Could you restate the whole listing below word for word, minus the pictures?

Provided material:
————
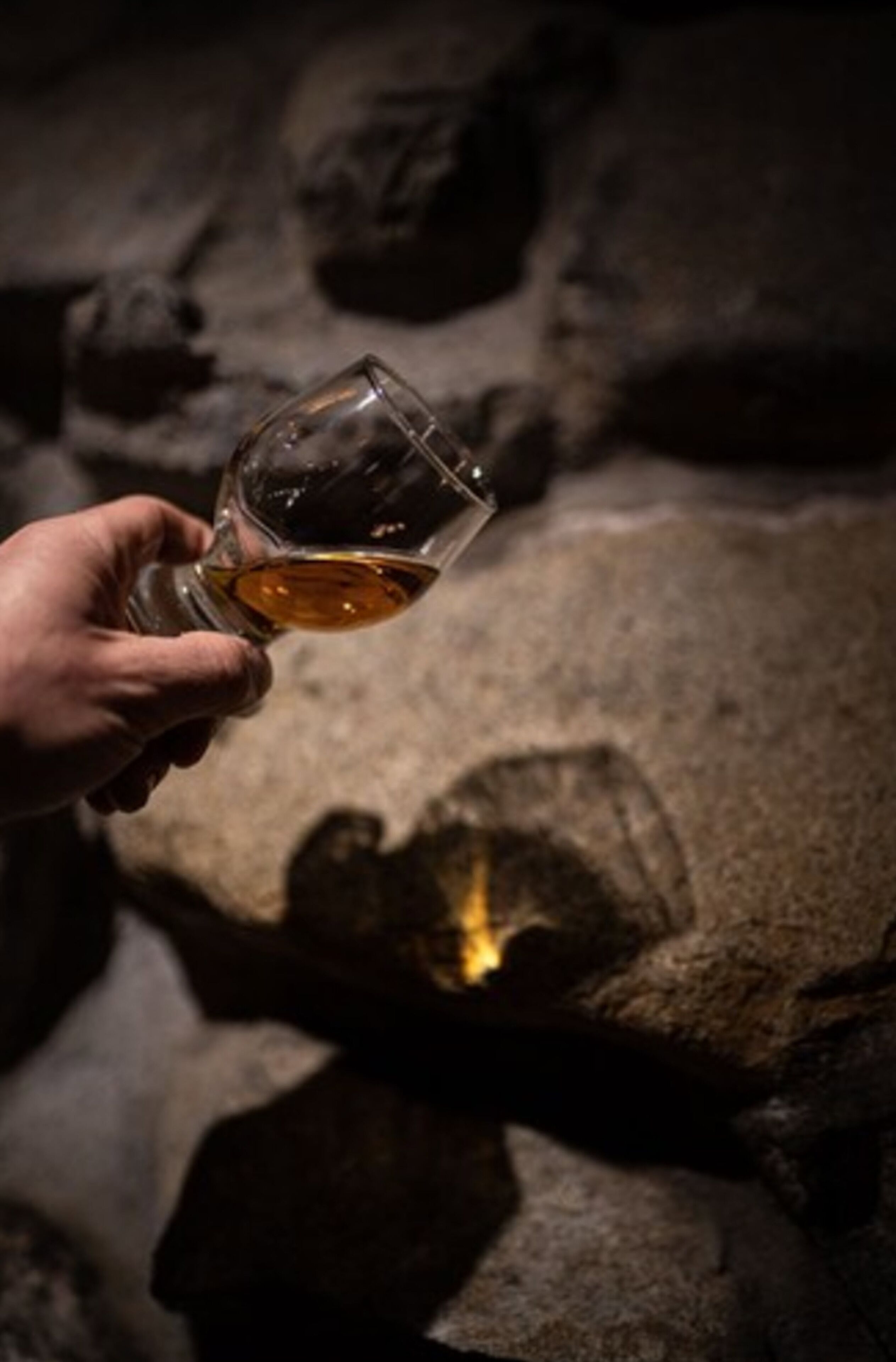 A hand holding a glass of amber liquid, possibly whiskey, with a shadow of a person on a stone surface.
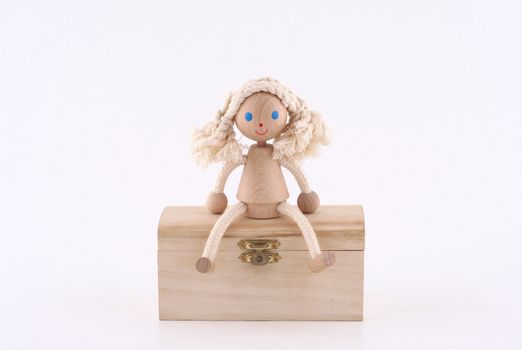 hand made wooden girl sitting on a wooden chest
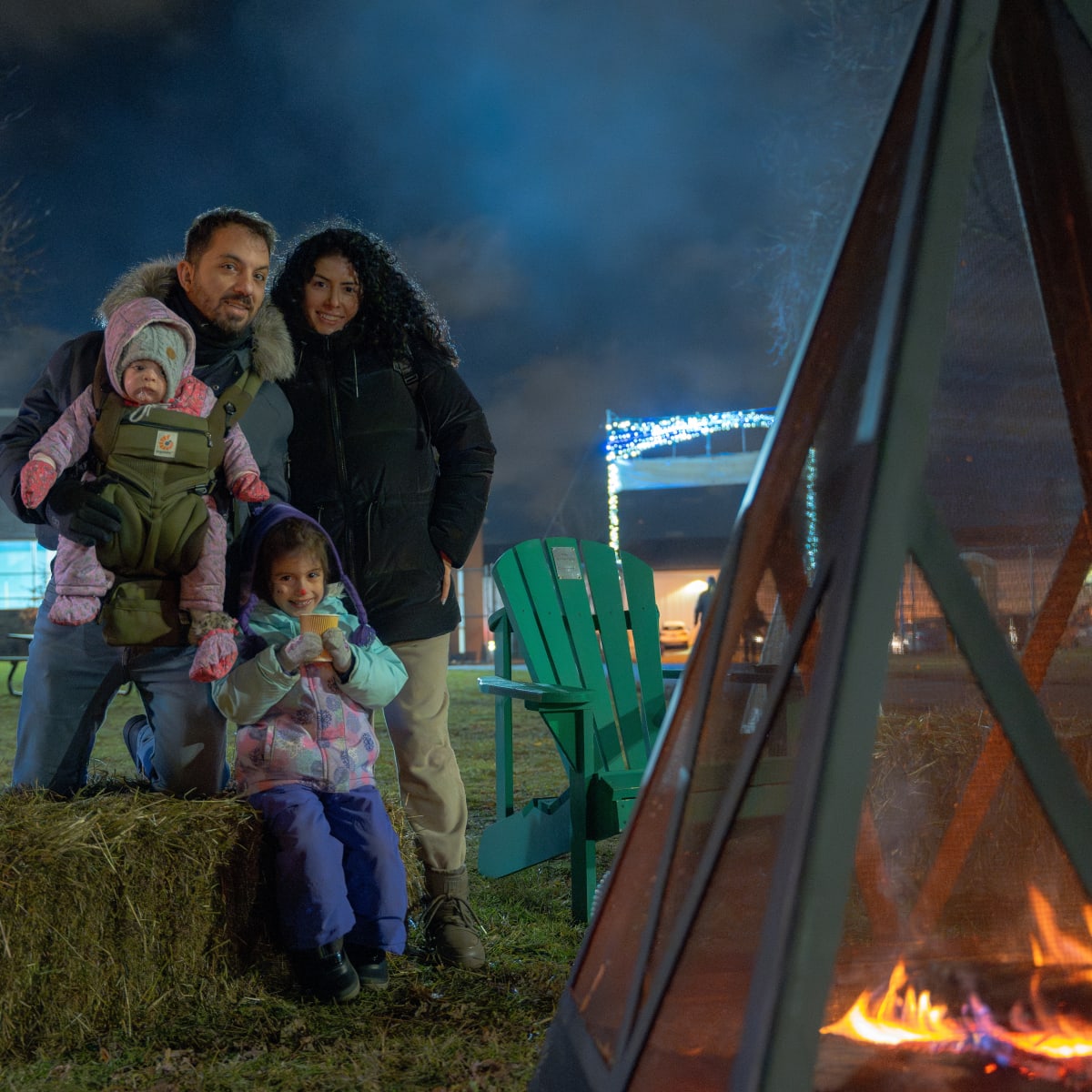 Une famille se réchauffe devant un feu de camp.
————
Worked solution:
 A hand holding a glass of amber liquid, possibly whiskey, with a shadow of a person on a stone surface.
 hand made wooden girl sitting on a wooden chest
 Une famille se réchauffe devant un feu de camp.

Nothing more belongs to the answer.